HISTÓRIAS PARA LER NA PRIVADA
Em seu romance A Insustentável Leveza do Ser, Milan Kundera descreve o kitsch (a anti-arte) como “a negação absoluta da merda”. Em A Poeta & Outros Eus, João Alexandre faz a negação absoluta do kitsch.
Escatologia, vícios, impulsos sexuais e o desprezo pelas banalidades humanas são alguns dos temas presentes nos sete contos — todos narrados em primeira pessoa e com a cidade de Curitiba como palco — que compõem este livro.
No primeiro conto, Algum Boteco do Largo, encontramos o narrador-personagem Pedro Paulo destilando uma crítica raivosa ao que consideramos como poesia contemporânea e que funciona como uma introdução do que o leitor não irá encontrar nas páginas deste livro. Este mesmo personagem retorna no último conto, A Poeta, e traz as mesmas reflexões do começo, mas desta vez a crítica é mais pontual e crua, tratando sobretudo de um poeta à procura do próprio lirismo.
Em Ministério da Saúde, o autor faz um (infelizmente nada caricato) retrato de um típico “cidadão de bem” curitibano. A conclusão nos permite lembrar que, na verdade, esses ditos “cidadãos” não passam de uma piada.
Já em Carolzinha nos deparamos com um típico relato de traquinagens infantis, mas que tem como pano de fundo uma época em que as mídias analógicas (principalmente as publicações impressas) determinavam o consumo cultural.
A prosa em primeira pessoa é muito bem explorada no conto Química, onde a hipocrisia machista do narrador é confessada somente ao leitor, mas cirurgicamente omitida das ações que ele toma para com o seu interesse romântico — romântico não, apenas carnal.

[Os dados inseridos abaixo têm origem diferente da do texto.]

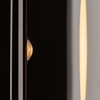 Настенный светильник Maytoni Theorema MOD288WL-L5B3K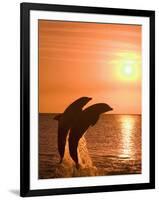 Bottlenose Dolphins, Caribbean Sea-Stuart Westmoreland-Framed Photographic Print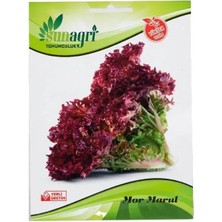 Sunagri Mor Marul Tohumu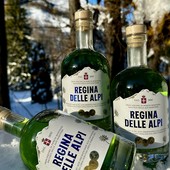 Regina delle Alpi: una storia che profuma di montagna dal 1890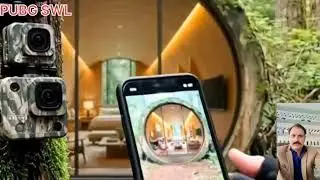 A Man Turns a Tree Into a Beautiful Wooden Home, ASMR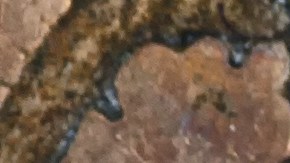 numismatica-moneda-cabeza-de-indio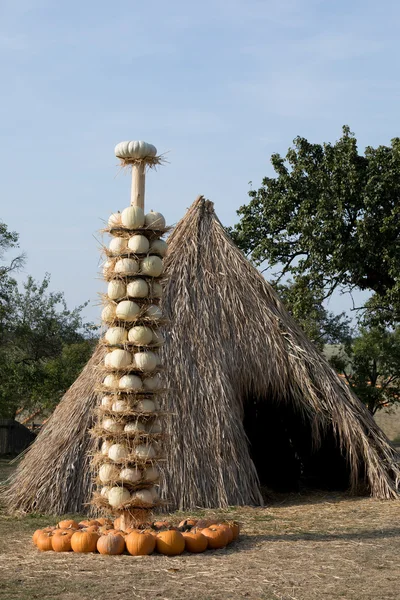 Maturo autunno zucche disposti su totem — Foto Stock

Algo semelhante acontece em A Cabo, que mostra um constrangedor diálogo entre um coveiro maconheiro e uma policial militar sobre as consequências da morte.
Cabe destacar aqui também a narrativa misteriosa e sobrenatural de O Retrato de João Gilberto, em que aquilo que a princípio parecia ser um deboche termina como uma ode à vida e ao legado da magia que foi a obra do “pai da bossa-nova, do inventor do violão…”
A linguagem de baixo calão e 100% politicamente incorreta é diluída em uma prosa direta e cínica, mas dotada de um ritmo tão frenético e envolvente quanto o de um baterista de jazz. Ao se deparar com a primeira frase deste livro, o leitor só conseguirá terminar quando chegar ao ponto final do último conto.
A Poeta & Outros Eus é a negação absoluta do kitsch e, só por isso, já seria argumento suficiente para manter um exemplar na sua biblioteca ou, como o próprio autor sugere, ao lado da sua privada.